- [Input for this task]
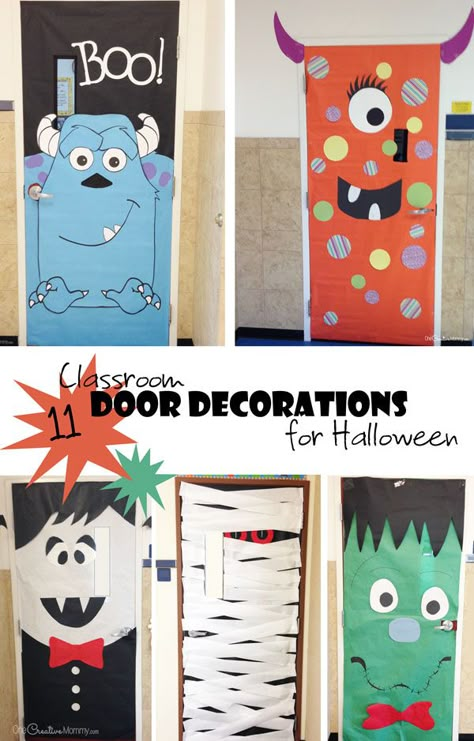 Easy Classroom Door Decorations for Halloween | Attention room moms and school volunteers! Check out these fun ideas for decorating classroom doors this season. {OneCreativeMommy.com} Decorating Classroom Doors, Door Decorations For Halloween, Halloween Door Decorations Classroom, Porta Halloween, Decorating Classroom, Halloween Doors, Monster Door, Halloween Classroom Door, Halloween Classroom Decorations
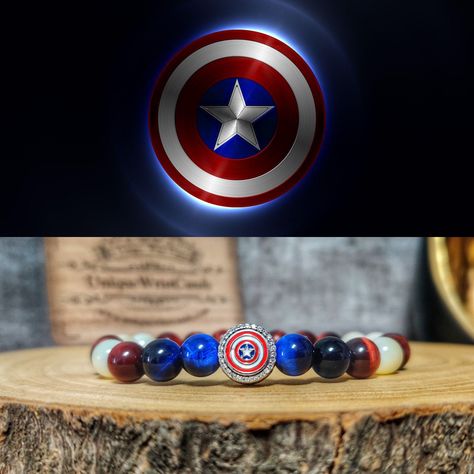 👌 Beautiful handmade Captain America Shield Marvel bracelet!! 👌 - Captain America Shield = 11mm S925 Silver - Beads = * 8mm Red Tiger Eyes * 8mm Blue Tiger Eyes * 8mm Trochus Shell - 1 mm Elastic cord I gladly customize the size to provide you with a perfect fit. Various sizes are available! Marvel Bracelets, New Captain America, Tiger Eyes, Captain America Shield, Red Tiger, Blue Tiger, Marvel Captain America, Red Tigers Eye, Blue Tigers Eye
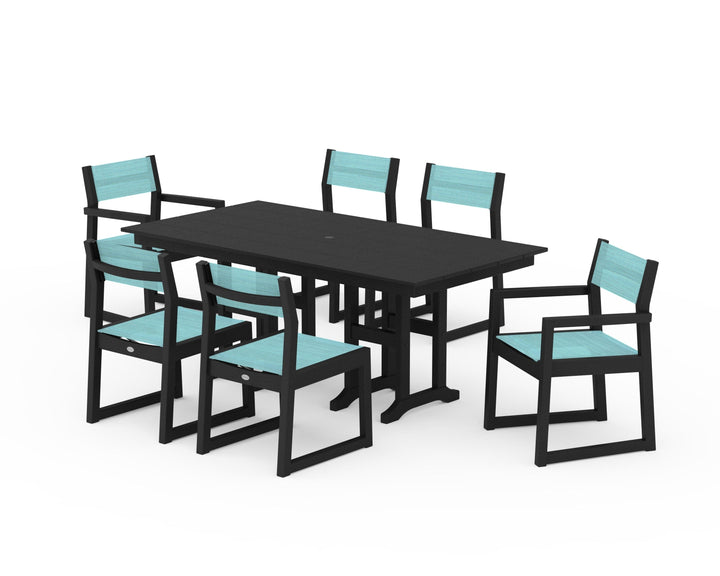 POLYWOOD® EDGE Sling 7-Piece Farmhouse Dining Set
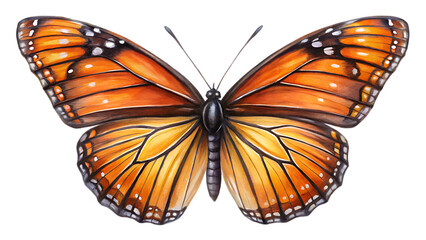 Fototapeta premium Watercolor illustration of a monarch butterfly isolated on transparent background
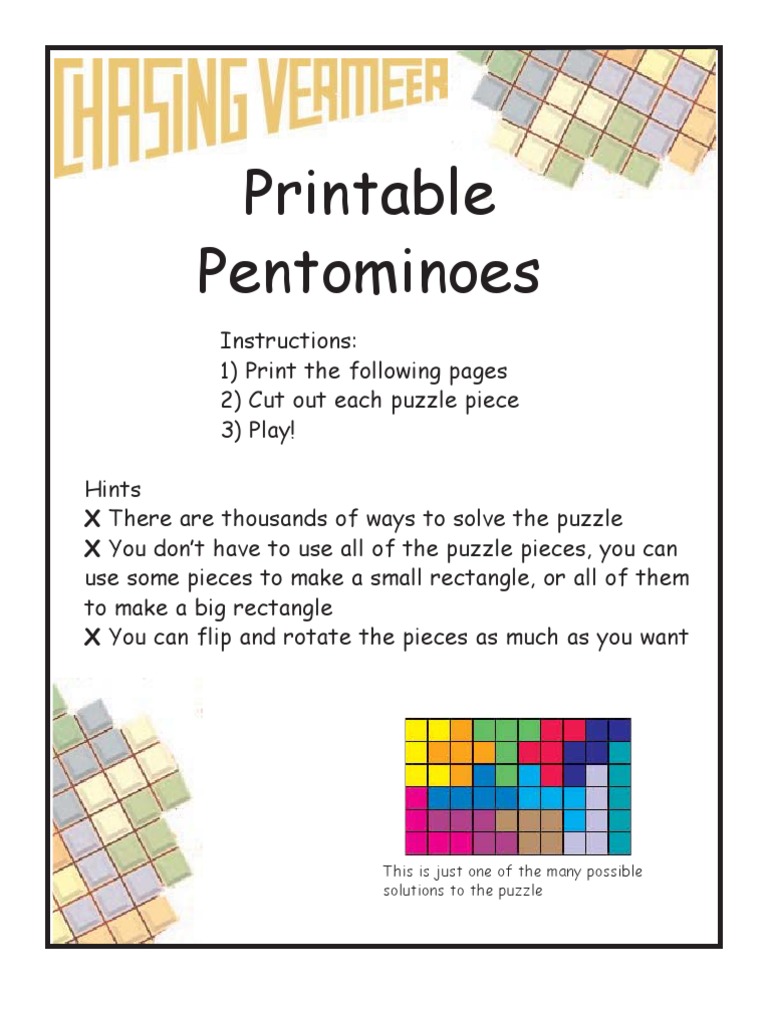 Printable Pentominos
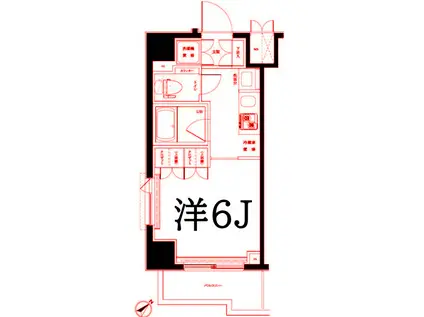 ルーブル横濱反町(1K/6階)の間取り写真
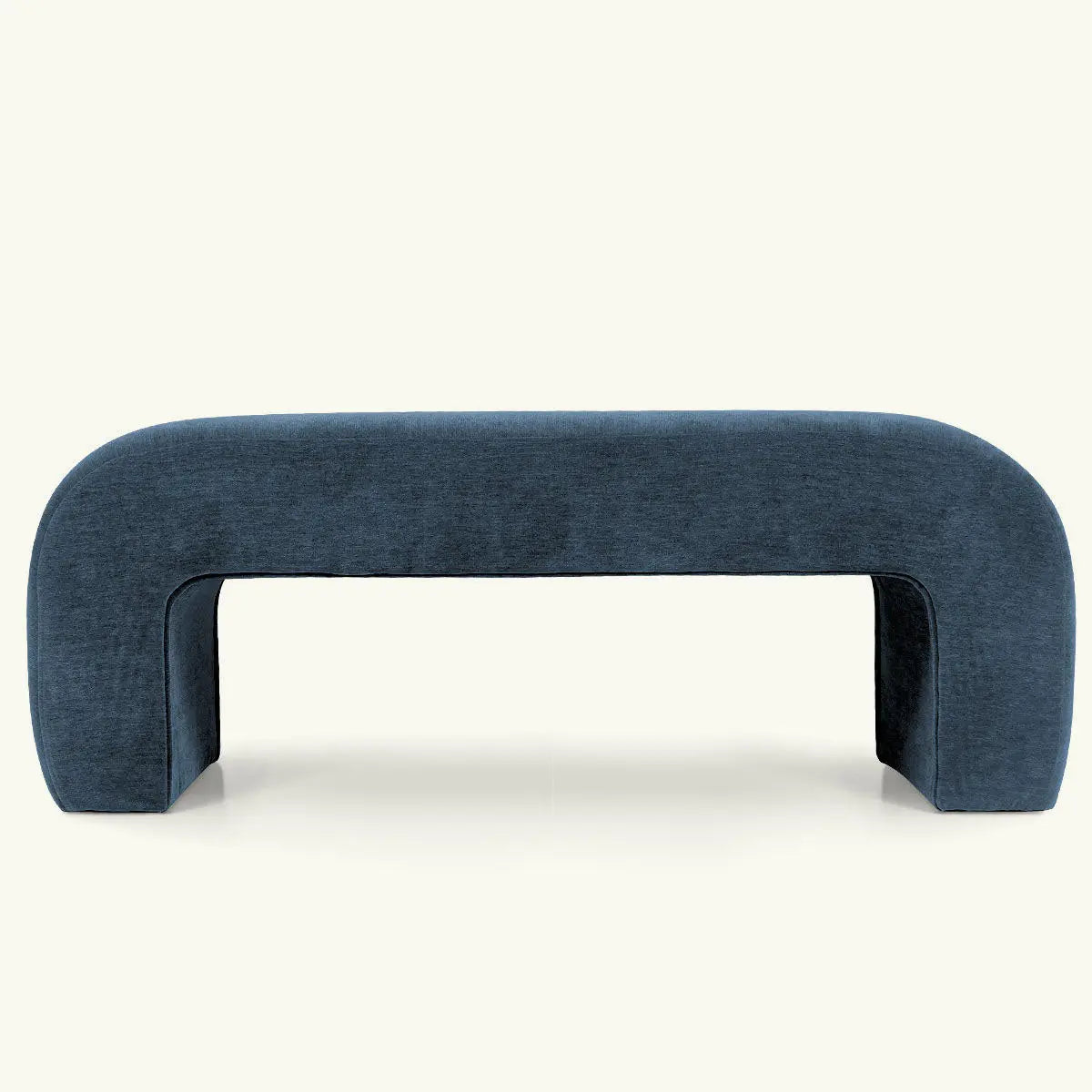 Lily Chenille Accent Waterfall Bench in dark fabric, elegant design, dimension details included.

- [Exercise brief]
Only the lines from the line containing "Fototapeta premium Watercolor" through the last line of the entries above should be reproduced, word for word and without pictures.

- [Response]
 Fototapeta premium Watercolor illustration of a monarch butterfly isolated on transparent background
 Printable Pentominos
 ルーブル横濱反町(1K/6階)の間取り写真
 Lily Chenille Accent Waterfall Bench in dark fabric, elegant design, dimension details included.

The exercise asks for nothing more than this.